= Adrienne Dixon =

Translator of Dutch and Flemish literature into English

Adrienne Dixon (29 June 1932 - 16 September 1990) was a translator of Dutch and Flemish literature into English. She translated the work of Cees Nooteboom and other authors, including Harry Mulisch. She received the Martinus Nijhoff Prize in 1974 for her translations of Mulisch and Louis Paul Boon.

"Dixon is one of the most prolific translators of Dutch fiction... One reviewer even suggested that she should be honoured for what she has done 'to reclaim contemporary Dutch fiction for anglophone readers'."

==Personal life==
She was born Adrienne Meijering in the village of Beilen in Drenthe in the Netherlands in 1932. She moved to England in 1957, where she married Robin Dixon (they had three children). She taught at a secondary school.

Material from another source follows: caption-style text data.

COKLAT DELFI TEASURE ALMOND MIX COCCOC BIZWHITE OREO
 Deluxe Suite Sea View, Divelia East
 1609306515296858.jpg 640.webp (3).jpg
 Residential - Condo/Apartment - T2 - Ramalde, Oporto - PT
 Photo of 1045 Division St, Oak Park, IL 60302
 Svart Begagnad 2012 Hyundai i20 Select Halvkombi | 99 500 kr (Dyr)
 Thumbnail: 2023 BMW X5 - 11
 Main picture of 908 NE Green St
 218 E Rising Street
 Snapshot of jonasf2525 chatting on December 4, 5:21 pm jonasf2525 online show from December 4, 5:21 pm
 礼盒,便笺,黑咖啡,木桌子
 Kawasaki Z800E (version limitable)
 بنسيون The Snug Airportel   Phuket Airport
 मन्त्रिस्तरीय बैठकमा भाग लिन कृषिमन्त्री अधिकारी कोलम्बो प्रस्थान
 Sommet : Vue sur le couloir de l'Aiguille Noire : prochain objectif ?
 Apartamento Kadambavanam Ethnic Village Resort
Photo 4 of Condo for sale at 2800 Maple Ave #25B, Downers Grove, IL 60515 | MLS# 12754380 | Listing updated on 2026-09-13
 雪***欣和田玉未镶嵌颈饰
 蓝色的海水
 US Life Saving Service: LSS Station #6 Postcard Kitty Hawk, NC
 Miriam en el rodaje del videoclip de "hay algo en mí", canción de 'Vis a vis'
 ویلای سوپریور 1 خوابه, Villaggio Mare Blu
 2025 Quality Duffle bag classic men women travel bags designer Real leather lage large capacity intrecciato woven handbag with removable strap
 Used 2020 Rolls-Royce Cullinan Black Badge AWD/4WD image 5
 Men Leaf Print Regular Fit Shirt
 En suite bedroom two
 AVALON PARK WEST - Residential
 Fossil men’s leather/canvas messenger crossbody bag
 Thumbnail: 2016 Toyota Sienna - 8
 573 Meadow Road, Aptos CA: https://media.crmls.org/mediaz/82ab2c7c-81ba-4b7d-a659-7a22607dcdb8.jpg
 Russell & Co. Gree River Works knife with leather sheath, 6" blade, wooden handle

She died in Essex in 1990.

==Translations==
- Opgravingen in bijbelse grond by Cyrus H. Gordon, 1960. Translated to Dutch from the English Adventures in the Near East.
- The Stone Bridal Bed by Harry Mulisch, 1962. Translated from the Dutch Het Stenen bruidsbed.
- The Ring by Karah Feder-Tal, 1965. Translated from the Dutch Waar bleef de ring.
- These were Europeans by Ton Oosterhuis, 1970. Translated from the Dutch Met en zonder harnas.
- Reflections: a novel by Mark Insingel, 1971. Translated from the Dutch Spiegelingen.
- Chapel road by Louis Paul Boon, 1972. Translated from the Dutch Kapellekensbaan.
- A matter of life and death by Anna Blaman, 1974. Translated from the Dutch Op leven en dood.
- The man who meant well by Gerard Walschap, 1975. Translated from the Dutch Een mens van goede wil.
- A course of time by Mark Insingel, 1977. Translated from the Dutch Een Tijdsverloop.
- Rituals : a novel by Cees Nooteboom, 1983. Translated from the Dutch Rituelen.
- My territory by Mark Insingel, 1987. Translated from the Dutch Mijn Territorium.
- In the Dutch mountains by Cees Nooteboom, 1987. Translated from the Dutch In Nederland.
- Last call by Harry Mulisch, 1987. Translated from the Dutch Hoogste tijd.
- Out of mind by J. Bernlef, 1988. Translated from the Dutch Hersenschimmen.
- Philip and the others by Cees Nooteboom, 1988. Translated from the Dutch Philip en de anderen.
- A song of truth and semblance by Cees Nooteboom, 1990. Translated from the Dutch Een Lied van Schijn en wezen.
- The knight has died : a novel by Cees Nooteboom, 1990. Translated from the Dutch De ridder is gestorven.
- Sunken red by Jeroen Brouwers, 1990. Translated from the Dutch Bezonken rood.
- Public secret by J. Bernlef, 1992. Translated from the Dutch Publiek geheim.